Globally, RevPAR fell in the quarter by 52.3% and in year-over-year terms by 53.4%, which he claimed outperformed the rest of the industry.
“There are sequential improvements in RevPAR since the 75% drop earlier in the year, (with the rate holding) at approximately 80% of last year’s level,” he added.
RevPAR in Q3 declined 49.8% year over year in the Americas and 47% in the U.S.
More relief will come with more hotels signed and opening, Edgecliffe-Johnson said. As of 30 September, only 3% of IHG’s portfolio, or 199 hotels, remained closed.
IHG’s network grew 2.9% over 2019 for a new total of approximately 890,000 rooms in almost 6,000 hotels.
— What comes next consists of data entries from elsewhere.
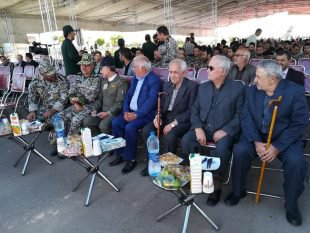 گزارش تصویری (۱) یادواره ” امیران آسمانی ” شهدای خلبان شهرستان دامغان و رونمایی از المان جت جنگی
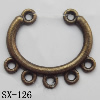 Connector, Lead-free Zinc Alloy Jewelry Findings, 21x19mm Hole=1mm, Sold by Bag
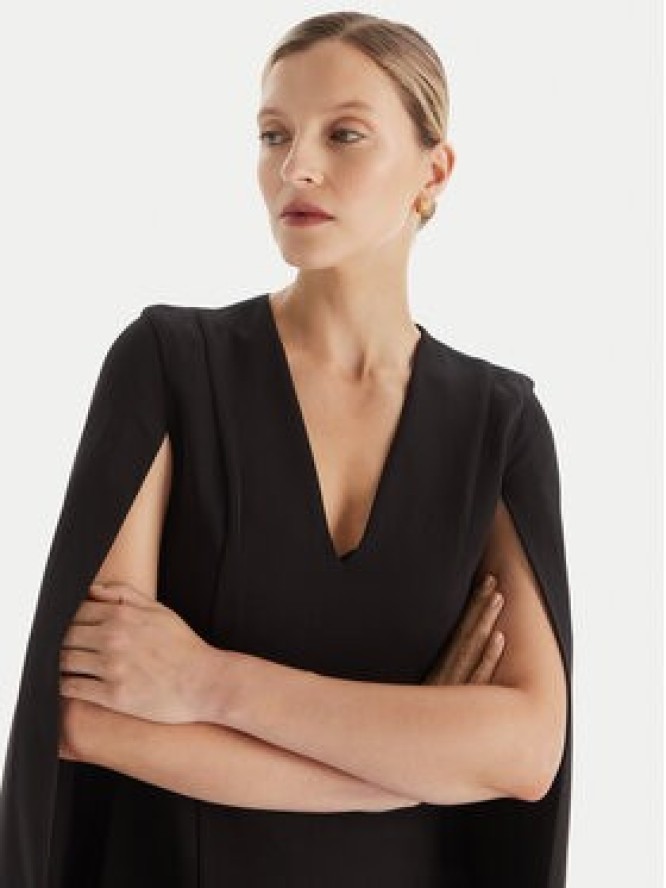 TWINSET Sukienka koktajlowa 252TT2402 Czarny Regular Fit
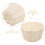 8 stk individuell puddingform i plast, beige, allsidig, til desserter 2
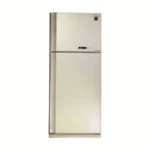 Sharp No Frost Digital Top Mount Freezer Refrigerator 450 Liters Glass Beige Inverter SJGV58ABE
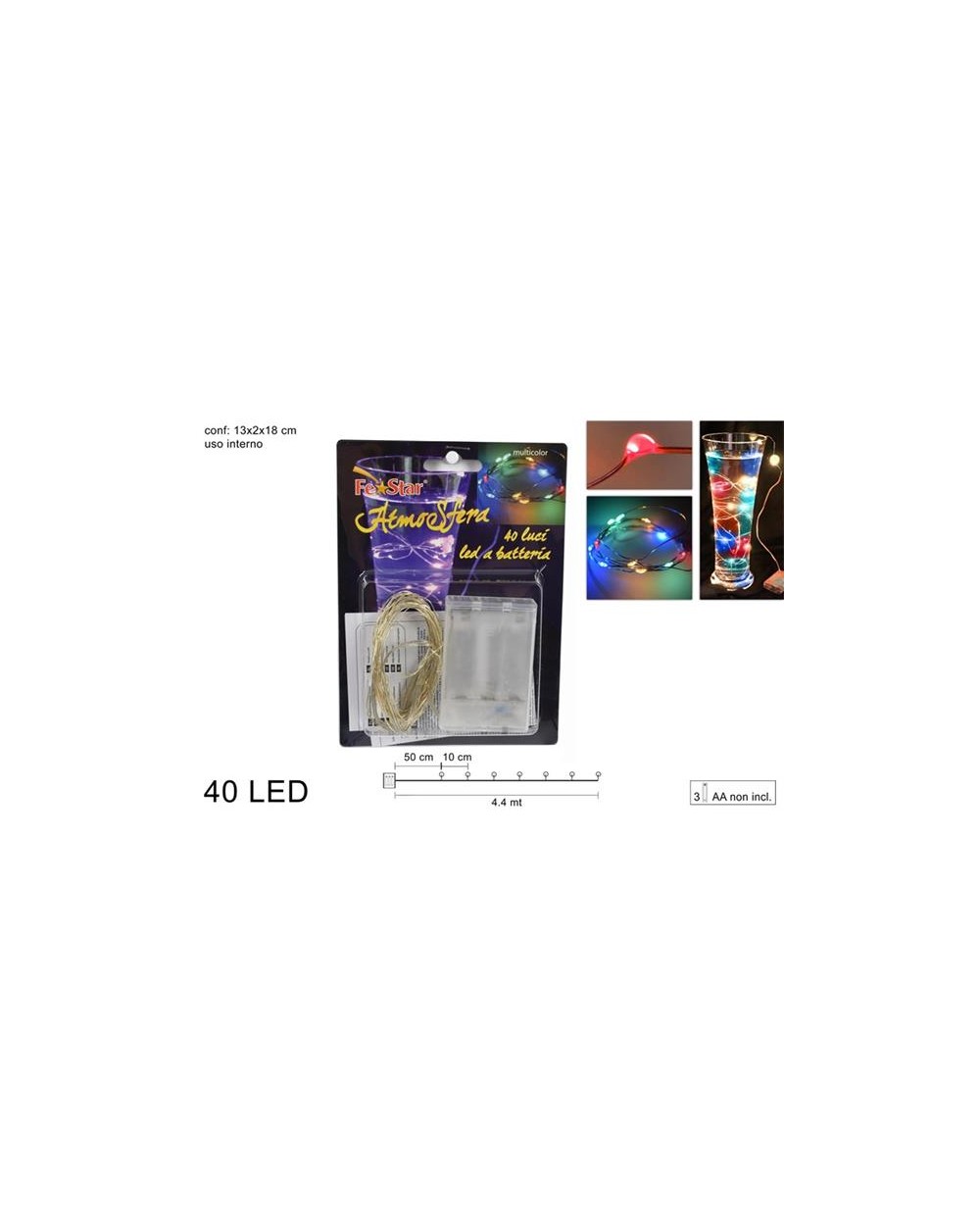 FILO 40 MICROLED BATT MULTICOLOR  8053482108117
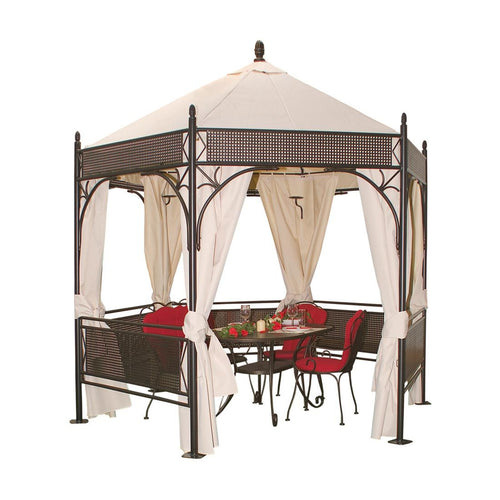 Erstatningstak til paviljong Romeo Romantik 300x300 cm front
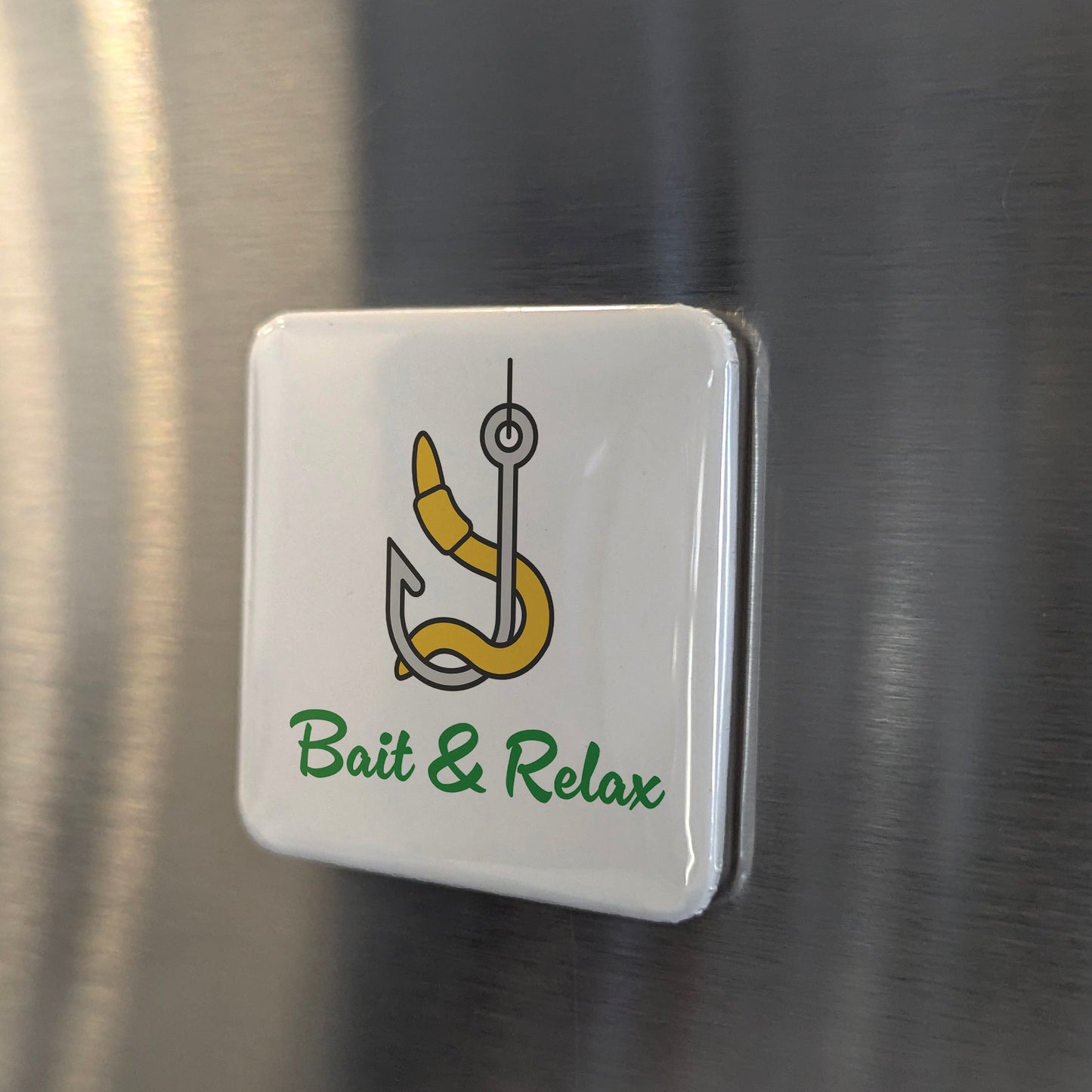 Bait & Relax Fridge Magnet - PhiloPerse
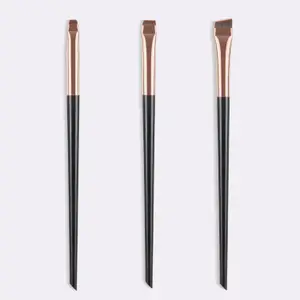 Eyelinerbørste Brynfarvet Børster Øjenbrynsbørster Sæt Finvinklet Punkt Vinklet Skråfarvet Ultratynd Flad Makeup Premium Eye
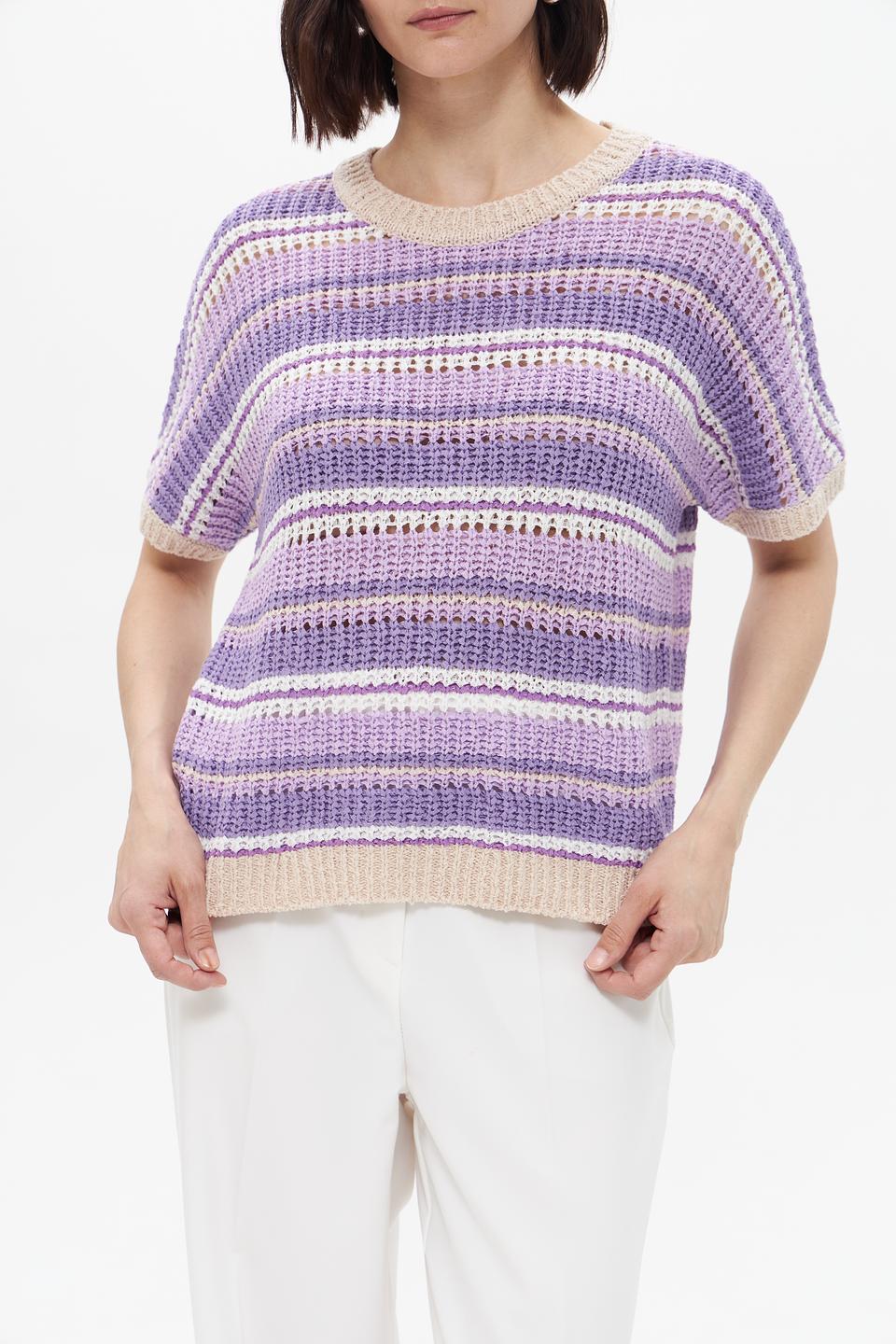 Пуловер Betty and Co в полоску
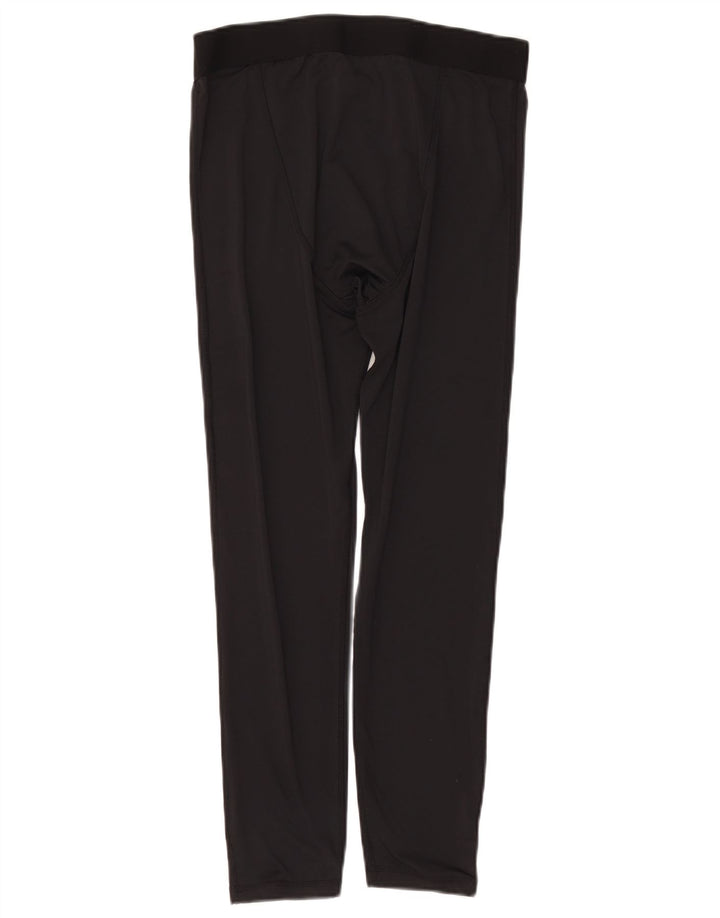 Skechers Mens Graphic Leggings Large Black Polyester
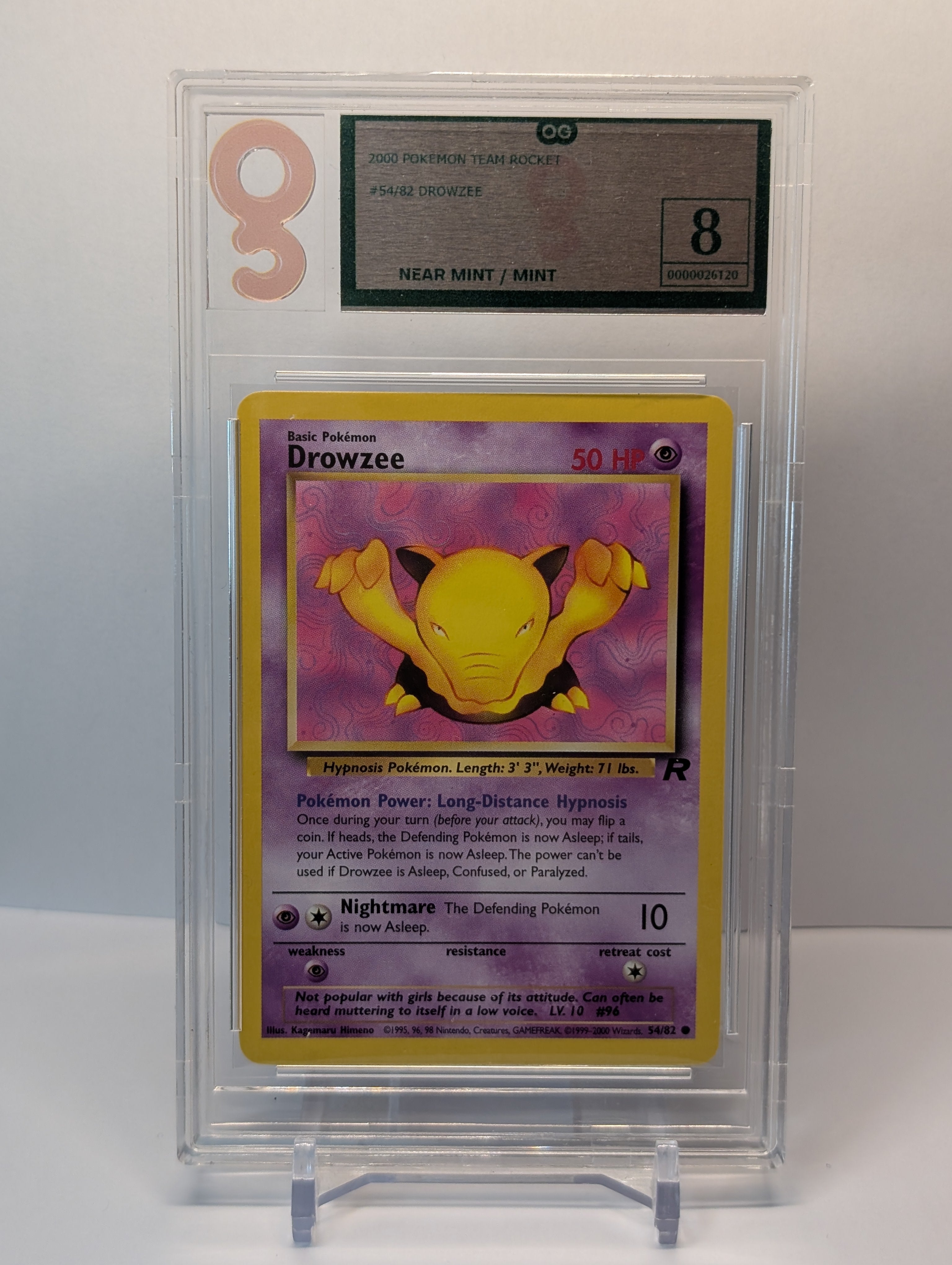 OG 8 - Drowzee - 54/82 - Team Rocket
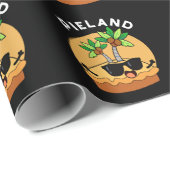 Pie-land Grappig Eiland Pun Donkere BG Cadeaupapier (Rol Hoek)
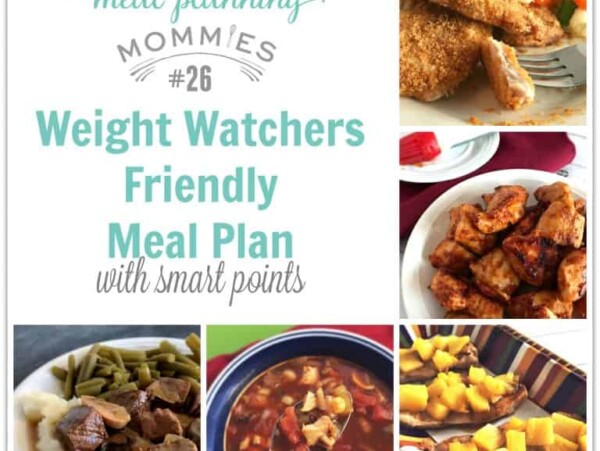 Meal Planning Mommies Weight Watchers Friendly Meal Plan 26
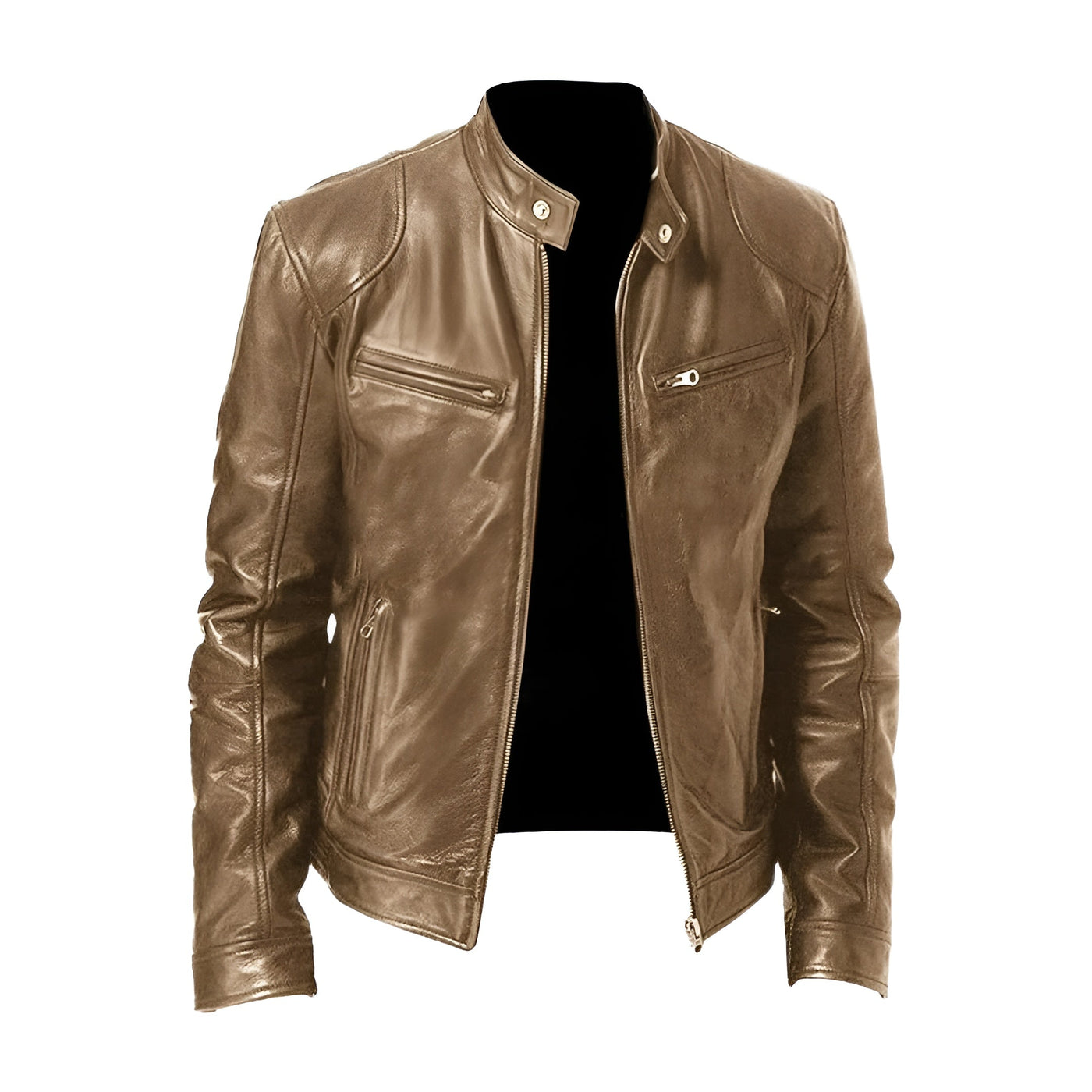 Logan | Classic Leather Jacket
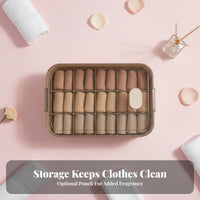 Underwear Compartment Box Built-in Scent Holder Compartment Storage Box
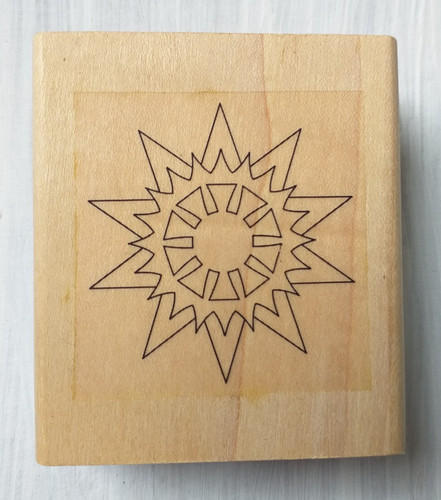 Rubber ink stamp stardesign - rubber, stamp,stardesign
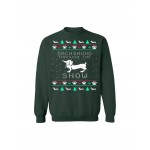 Dachshund Through The Snow Sweatshirt, Funny Dog Lover Christmas Sweater, Holiday Gift For Pet Owners, Cute Winter Outfit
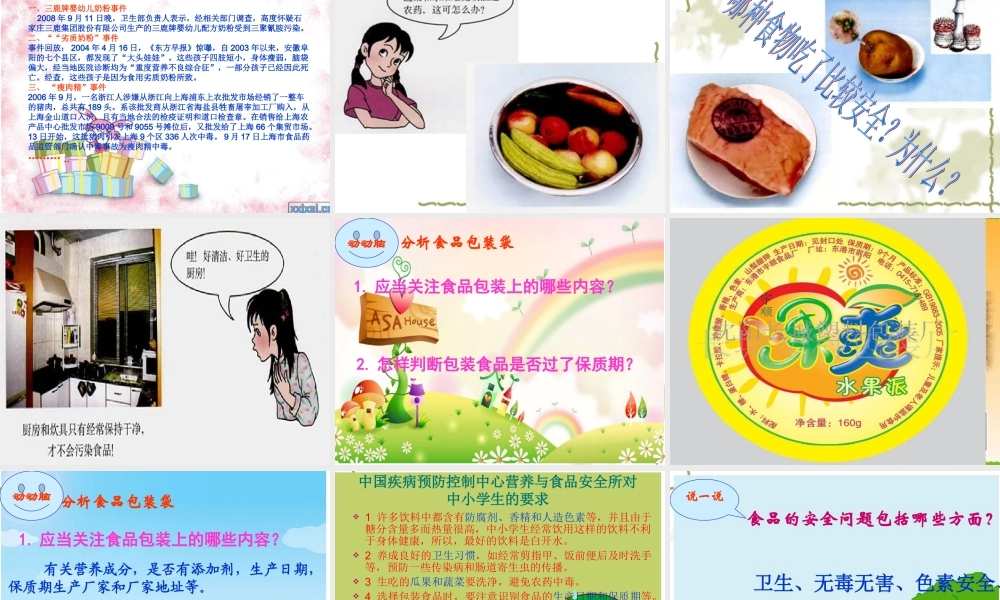 关注合理营养与食品安全PPT.ppt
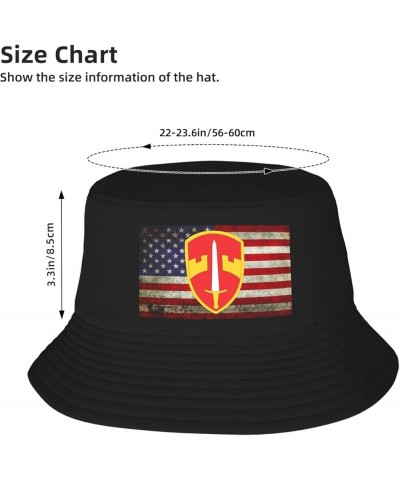 Military Assistance Command Vietnam Bucket Hat Women Men Summer Sun Beach Fishing Cap Black $16.96 Bucket Hats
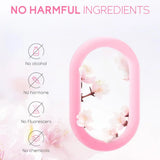 Sakura Skin Care Set with Cleanser, Serum, Eye Cream - Travel Kit for Women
The company opened 82 hotel, comprising 11,000 rooms in the third quarter, and 23,000 rooms have been added to its portfolio in the calendar year.
“We removed (approximately) 2,900 rooms in the quarter,” Edgecliffe-Johnson said.
He said he remains “pretty confident of the balance between leisure and business.”
On the leisure side, he said “the vast majority of bookings are coming in two days before the stay, so there will be a lot of walk-ins.”
“We have seen more (online travel agency) business come in on the leisure side, and this is likely to continue, but we do not see much fundamental change in distribution,” he said.
Occupancy in the quarter was 44%, up from 25% when the crisis hit in Q2, he said.
As of press time, IHG stock was trading at £41.61 ($54.43) a share, down 18% year to date. The FTSE 100 Index was down 22.8% for the same period.